• Work instruction:
Find the line that contains "バーバリー 日本製 ベージュ トレンチコート ライナー付き サイズM〜L". Copy it and every line after it to the end of the material below, exactly, with no pictures.

• Supplied information:
___

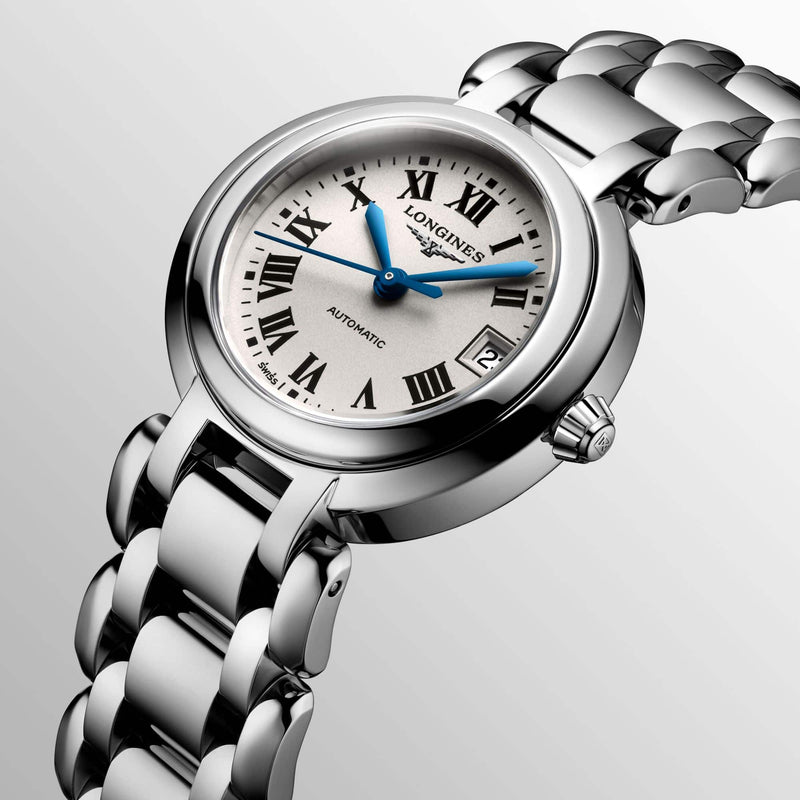 Longines PrimaLuna White Dial Silver Steel Strap Watch for Women - L8.110.4.71.6 Buy Now By Longines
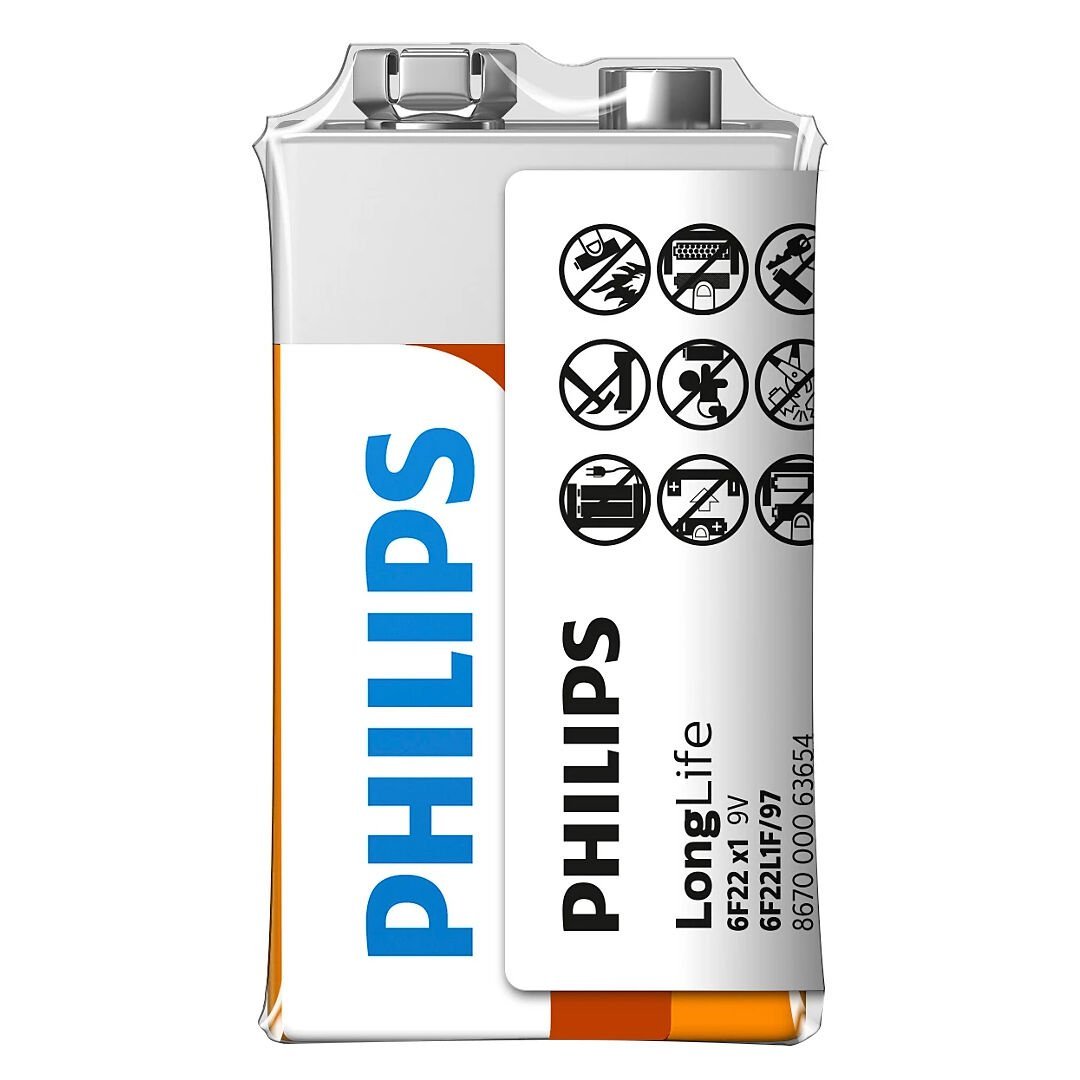 PHILIPS EXTRA ZINC CHLORIDE 6F22 9 VOLT PİL (12Lİ PAKET) (4944)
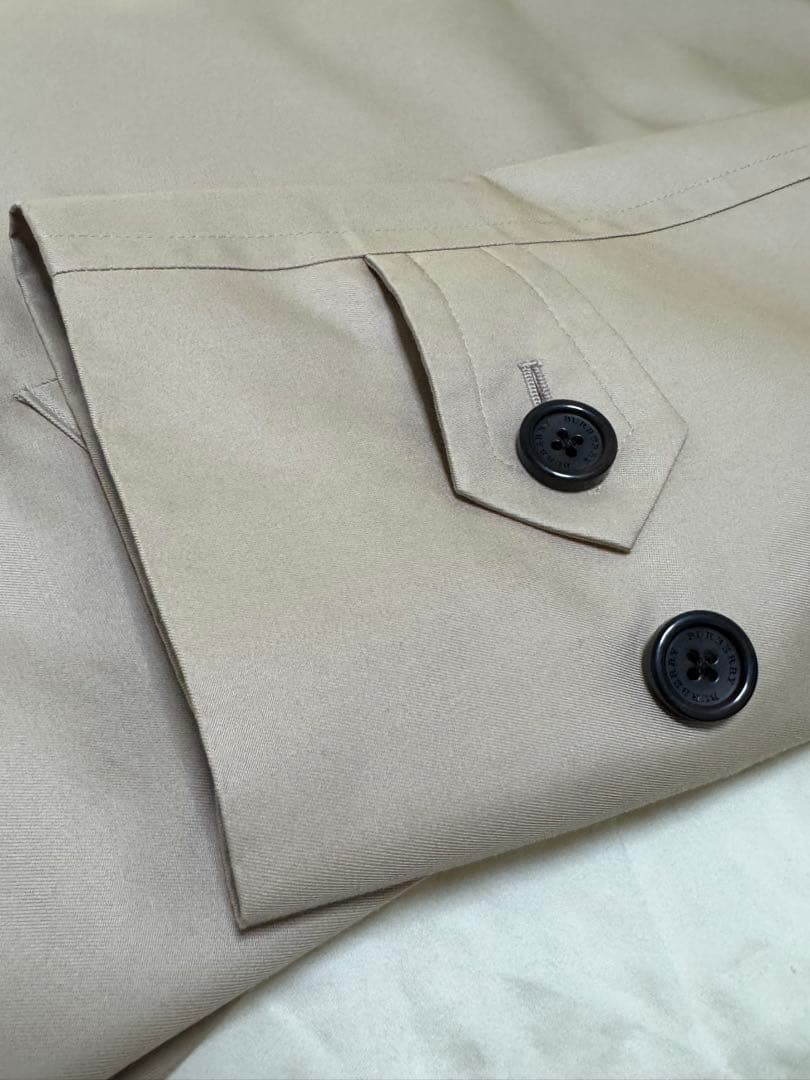 バーバリー 日本製 ベージュ トレンチコート ライナー付き サイズM〜L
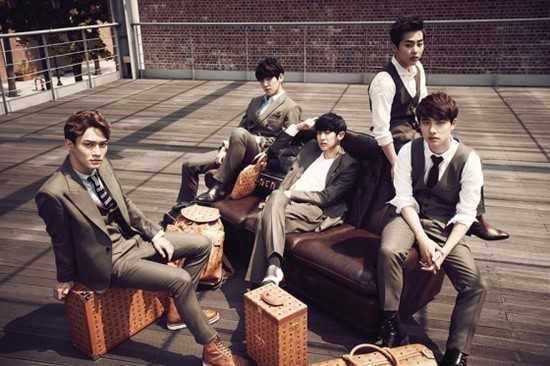 EXO teases for their limited edition MCM line with images and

___

• Exercise result:
 バーバリー 日本製 ベージュ トレンチコート ライナー付き サイズM〜L
 EXO teases for their limited edition MCM line with images and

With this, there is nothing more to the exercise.